Maxima: creating a function that acts on parts of a string - regex

Context: I'm using Maxima on a platform that also uses KaTeX. For various reasons related to content management, this means that we are regularly using Maxima functions to generate the necessary KaTeX commands.
I'm currently trying to develop a group of functions that will facilitate generating different sets of strings corresponding to KaTeX commands for various symbols related to vectors.
Problem
I have written the following function makeKatexVector(x), which takes a string, list or list-of-lists and returns the same type of object, with each string wrapped in \vec{} (i.e. makeKatexVector(string) returns \vec{string} and makeKatexVector(["a","b"]) returns ["\vec{a}", "\vec{b}"] etc).
/* Flexible Make KaTeX Vector Version of List Items */
makeKatexVector(x):= block([ placeHolderList : x ],
if stringp(x) /* Special Handling if x is Just a String */
then placeHolderList : concat("\vec{", x, "}")
else if listp(x[1]) /* check to see if it is a list of lists */
then for j:1 thru length(x)
do placeHolderList[j] : makelist(concat("\vec{", k ,"}"), k, x[j] )
else if listp(x) /* check to see if it is just a list */
then placeHolderList : makelist(concat("\vec{", k, "}"), k, x)
else placeHolderList : "makeKatexVector error: not a list-of-lists, a list or a string",
return(placeHolderList));
Although I have my doubts about the efficiency or elegance of the above code, it seems to return the desired expressions; however, I would like to modify this function so that it can distinguish between single- and multi-character strings.
In particular, I'd like multi-character strings like x_1 to be returned as \vec{x}_1 and not \vec{x_1}.
In fact, I'd simply like to modify the above code so that \vec{} is wrapped around the first character of the string, regardless of how many characters there may be.
My Attempt
I was ready to tackle this with brute force (e.g. transcribing each character of a string into a list and then reassembling); however, the real programmer on the project suggested I look into "Regular Expressions". After exploring that endless rabbit hole, I found the command regex_subst; however, I can't find any Maxima documentation for it, and am struggling to reproduce the examples in the related documentation here.
Once I can work out the appropriate regex to use, I intend to implement this in the above code using an if statement, such as:
if slength(x) >1
then {regex command}
else {regular treatment}
If anyone knows of helpful resources on any of these fronts, I'd greatly appreciate any pointers at all.

Looks like you got the regex approach working, that's great.
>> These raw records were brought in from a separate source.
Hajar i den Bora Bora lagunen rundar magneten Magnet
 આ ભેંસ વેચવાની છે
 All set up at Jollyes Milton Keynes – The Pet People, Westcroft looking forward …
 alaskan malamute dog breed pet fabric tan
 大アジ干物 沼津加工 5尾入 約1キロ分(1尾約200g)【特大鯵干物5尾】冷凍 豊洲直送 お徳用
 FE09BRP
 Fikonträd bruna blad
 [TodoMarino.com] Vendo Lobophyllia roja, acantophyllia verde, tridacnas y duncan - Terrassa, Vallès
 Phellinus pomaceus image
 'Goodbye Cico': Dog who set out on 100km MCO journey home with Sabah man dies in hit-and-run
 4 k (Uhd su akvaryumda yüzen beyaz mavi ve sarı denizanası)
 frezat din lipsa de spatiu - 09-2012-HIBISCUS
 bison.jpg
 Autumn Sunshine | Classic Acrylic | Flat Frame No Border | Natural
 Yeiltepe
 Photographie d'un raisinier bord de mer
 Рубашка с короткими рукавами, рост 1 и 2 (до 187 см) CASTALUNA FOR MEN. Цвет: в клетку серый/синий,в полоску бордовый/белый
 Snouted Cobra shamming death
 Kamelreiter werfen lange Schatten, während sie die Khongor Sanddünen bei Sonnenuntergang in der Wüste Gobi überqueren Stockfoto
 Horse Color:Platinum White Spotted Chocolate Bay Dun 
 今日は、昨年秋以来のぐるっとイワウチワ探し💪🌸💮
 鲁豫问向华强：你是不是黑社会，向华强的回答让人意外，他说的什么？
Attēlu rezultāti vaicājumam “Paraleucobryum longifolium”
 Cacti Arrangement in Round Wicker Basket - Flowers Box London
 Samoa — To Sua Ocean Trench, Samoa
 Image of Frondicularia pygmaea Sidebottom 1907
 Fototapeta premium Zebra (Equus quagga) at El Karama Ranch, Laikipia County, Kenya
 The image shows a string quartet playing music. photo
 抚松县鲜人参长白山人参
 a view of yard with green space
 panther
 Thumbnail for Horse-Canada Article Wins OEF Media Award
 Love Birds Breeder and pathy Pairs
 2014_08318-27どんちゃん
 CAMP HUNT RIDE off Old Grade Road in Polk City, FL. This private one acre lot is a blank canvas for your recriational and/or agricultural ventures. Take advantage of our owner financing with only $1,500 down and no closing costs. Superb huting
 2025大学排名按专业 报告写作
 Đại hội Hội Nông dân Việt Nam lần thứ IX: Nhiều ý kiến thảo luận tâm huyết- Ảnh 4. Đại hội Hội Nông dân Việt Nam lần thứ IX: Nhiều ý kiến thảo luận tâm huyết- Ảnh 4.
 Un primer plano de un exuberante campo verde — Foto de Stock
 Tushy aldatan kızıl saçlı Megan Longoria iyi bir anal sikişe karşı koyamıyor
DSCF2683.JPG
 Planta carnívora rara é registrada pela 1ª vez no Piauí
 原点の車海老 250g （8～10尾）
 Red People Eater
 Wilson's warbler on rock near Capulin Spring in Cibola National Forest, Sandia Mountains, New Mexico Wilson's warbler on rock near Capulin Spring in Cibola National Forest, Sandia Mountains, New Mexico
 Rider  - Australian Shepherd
My advice about handling subscripted expressions in TeX, however, is to avoid working with names which contain underscores in Maxima, and instead work with Maxima expressions with indices, e.g. foo[k] instead of foo_k. While writing foo_k is a minor convenience in Maxima, you'll run into problems pretty quickly, and in order to straighten it out you might end up piling one complication on another.
E.g. Maxima doesn't know there's any relation between foo, foo_1, and foo_k -- those have no more in common than foo, abc, and xyz. What if there are 2 indices? foo_j_k will become something like foo_{j_k} by the preceding approach -- what if you want foo_{j, k} instead? (Incidentally the two are foo[j[k]] and foo[j, k] when represented by subscripts.) Another problematic expression is something like foo_bar_baz. Does that mean foo_bar[baz], foo[bar_baz] or foo_bar_baz?
The code for tex(x_y) yielding x_y in TeX is pretty old, so it's unlikely to go away, but over the years I've come to increasing feel like it should be avoided. However, the last time it came up and I proposed disabling that, there were enough people who supported it that we ended up keeping it.
Something that might be helpful, there is a function texput which allows you to specify how a symbol should appear in TeX output. For example:
(%i1) texput (v, "\\vec{v}");
(%o1) "\vec{v}"
(%i2) tex ([v, v[1], v[k], v[j[k]], v[j, k]]);
$$\left[ \vec{v} , \vec{v}_{1} , \vec{v}_{k} , \vec{v}_{j_{k}} ,
\vec{v}_{j,k} \right] $$
(%o2) false
texput can modify various aspects of TeX output; you can take a look at the documentation (see ? texput).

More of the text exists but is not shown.